His announcement came a few months after political rivals, President Robert Mugabe and Prime Minister Morgan Tsvangirai, had made up and decided to get into a union.
The economy had also been dollarised, a move that brought price stability.
Delta’s announcement early into unity government seemed surprising given Ariston had been the company’s foreign currency source at the height of an economic crisis.
A few months after Mutizwa’s assertion, other companies hinted on the same route –– exiting non-core businesses.
Imara Asset management CEO John Legat believes the year 2010 could be back to the basics for Zimbabwean companies.
Already, African Banking Corporation Holdings (ABCH) has joined the corporate bunch of companies wanting to stick to what they do best.
An economic crisis characterised by high inflation and foreign exchange shortages saw companies preserving value through acquisitions of non-core businesses.
Cash-rich institutions such as mobile phone group Econet Wireless picked up some valuable non-core businesses during the crisis. Econet snapped up significant shareholding in the then First Mutual Limited and Mutare Bottling Corporation, among other priced tokens.
Although market speculation last year was rife that Econet was selling its cast away bottling company, the group later said it was not selling it to just any investor. And this year Econet seems to be in no hurry to sell.
ABCH CEO Douglas Munatsi says the group is also divesting out of non-financial holdings including 22,3% shareholding in Starafrica, 14,5% in PG Industries Zimbabwe and another 30% in PG Botswana.

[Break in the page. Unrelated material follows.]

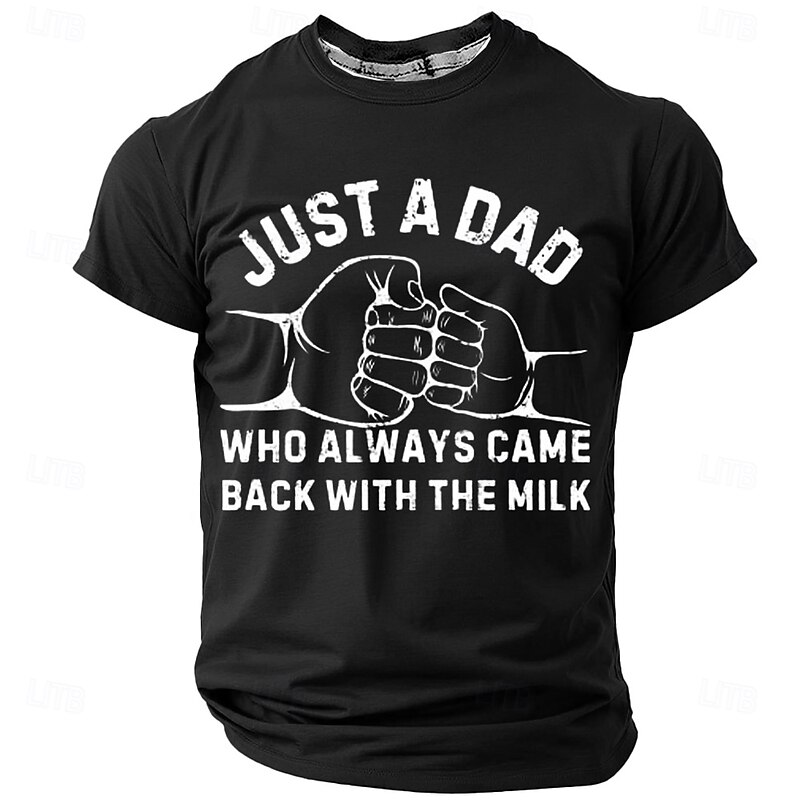 Men's Funny Dad Graphic T-Shirt: 'Just a Dad Who Always Came Back With The Milk' Short Sleeve4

Munatsi said: “We are in the process of disposing our Starafrica shares. The sale will be complete by end of February. We will sell to investors with the company’s interest at heart and who will be able to work with our partners in Starafrica where we have an in interest in non-core business.”
Although Munatsi did not say when the group intends to sell its shares in PG, Legat says many business models in Zimbabwe do not work.
He says there is “little or no synergy between subsidiaries of a company”.
Legat explains: “Operationally, doing business has become considerably easier under dollarisation… (this) implies that good management will quickly spot any inefficiencies in their business models and take appropriate action. “Many business models in Zimbabwe simply do not work in the new dollarised and competitive environment, but managed to get by in a less competitive and inflationary environment. Such companies could well be those whose models were built on import-substitution products.”
Legat believes businesses like these will be closed, sold or remodelled.
“Often there may be little synergy or correlation between each business, largely because group structure was a product of history, driven by former mergers or economic imperatives,” says Legat.
In companies where there is “little or no synergy” between the subsidiaries of a company, Legat hopes it would make more sense to unbundle.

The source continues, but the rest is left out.